◆ **Material provided**:
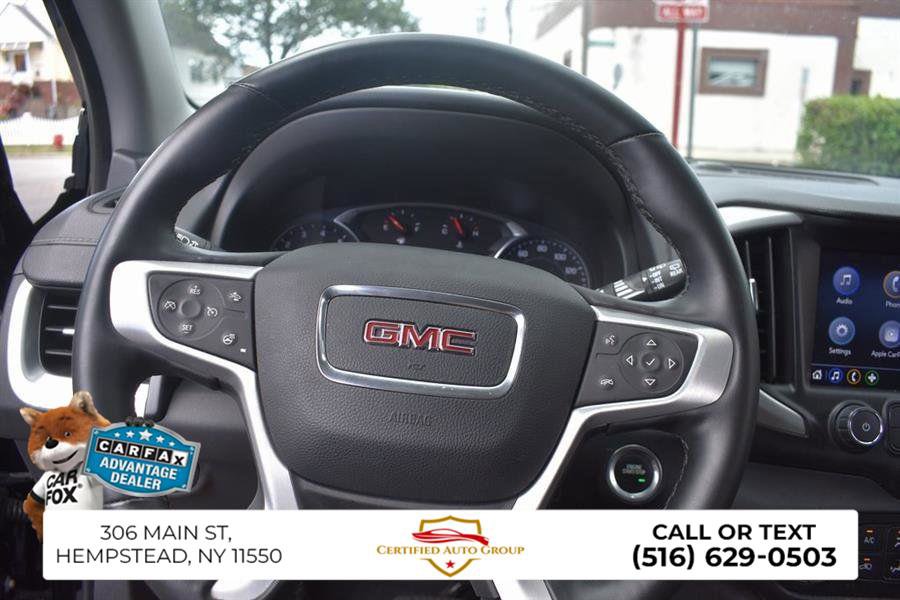 Used 2023 GMC Terrain SLT image 19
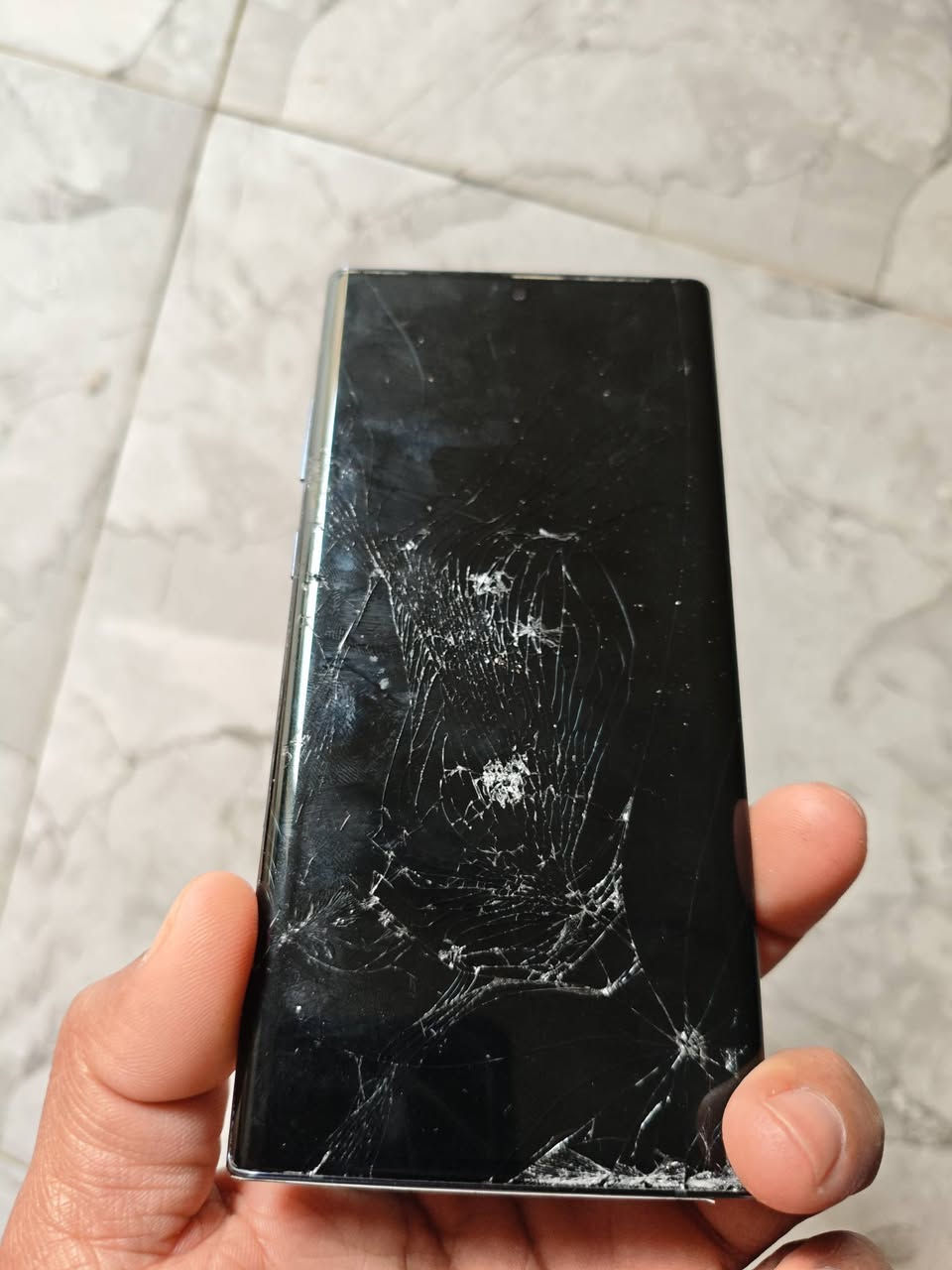 سلام عليكم جهزه البيع عوزهن بس شاشات قيم وخذ ***********
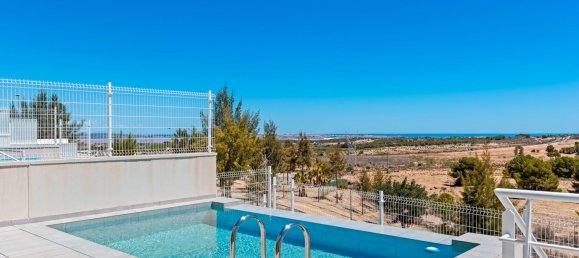 5 bedrooms House in San Miguel de Salinas, Spain No. 59067 2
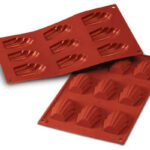 SF032 Madeleine silicone mould with nine shell-shaped cavities
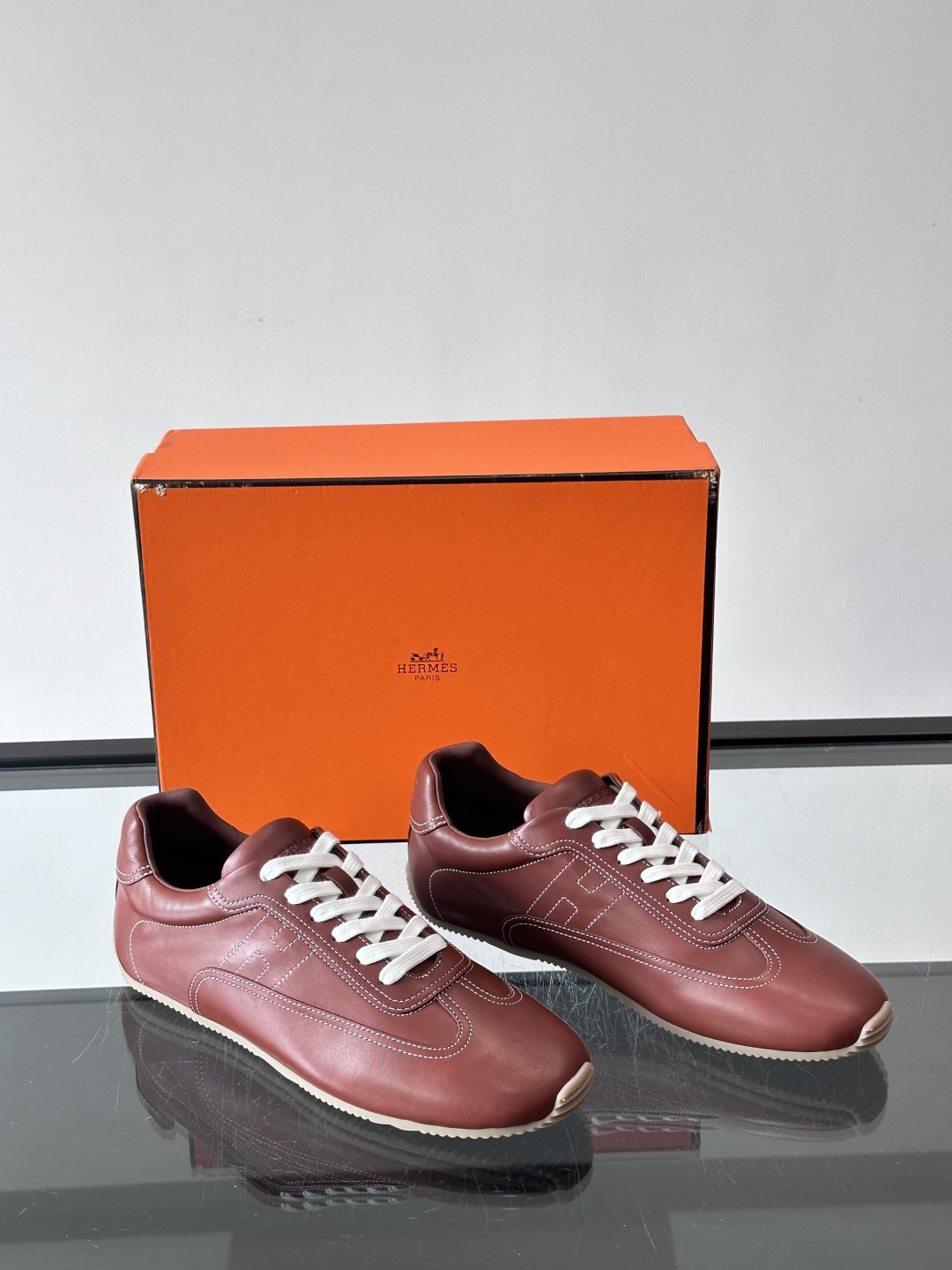 H爱马仕德训鞋采用头层牛皮，质感细腻耐用，鞋面搭配简约线条，复古又百搭✨。薄底设计轻便舒适，长时间走路也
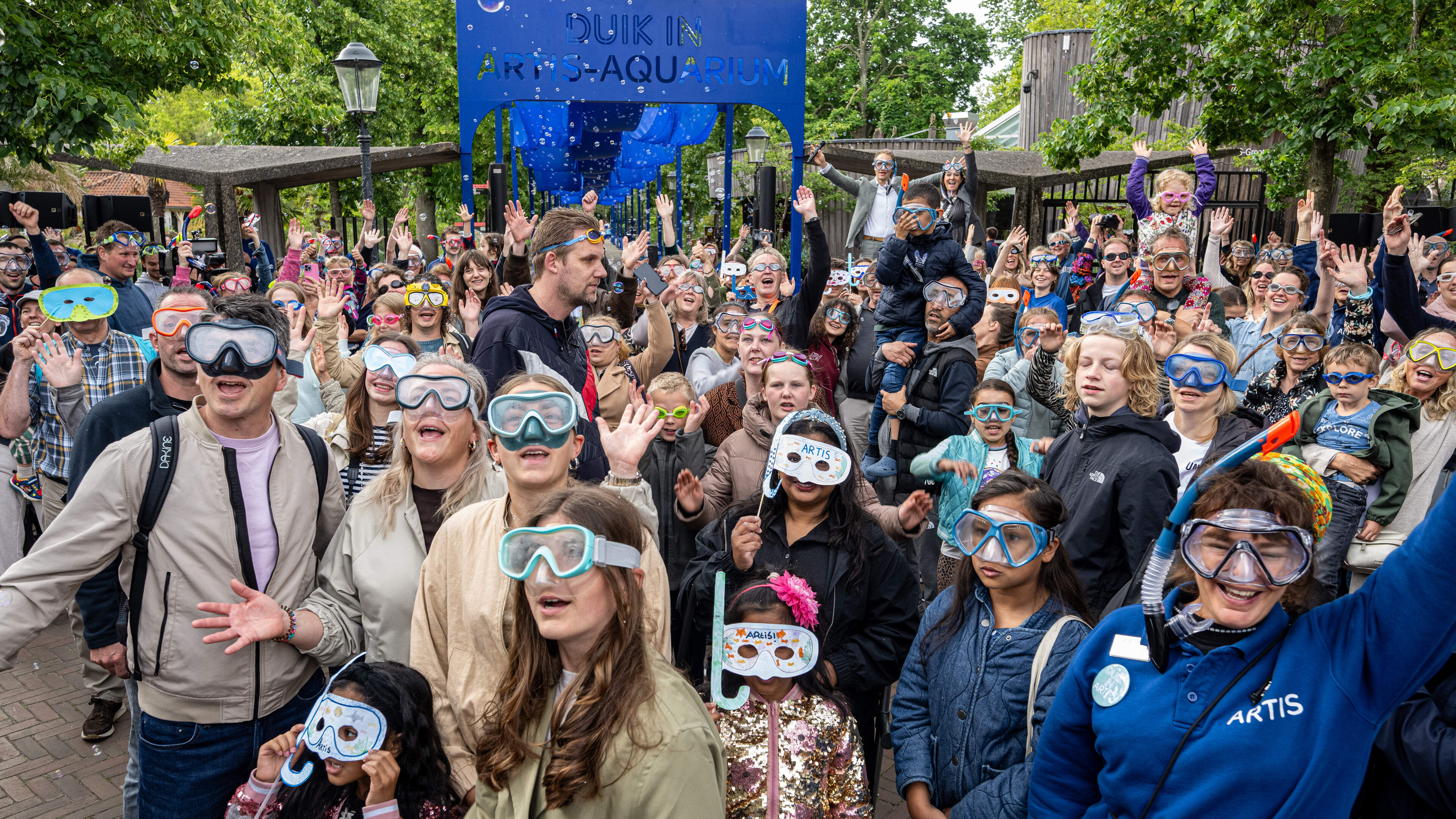 Bezoekers Artis wachten uren voor de poort op opening vernieuwd aquarium: ’Ik was om vijf uur wakker van de spanning’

◆ **Exercise objective**:
In the records above, find the line with "H爱马仕德训鞋采用头层牛皮，" and copy from it through the last line exactly, without the pictures.

◆ **Result for this exercise**:
 H爱马仕德训鞋采用头层牛皮，质感细腻耐用，鞋面搭配简约线条，复古又百搭✨。薄底设计轻便舒适，长时间走路也
 Bezoekers Artis wachten uren voor de poort op opening vernieuwd aquarium: ’Ik was om vijf uur wakker van de spanning’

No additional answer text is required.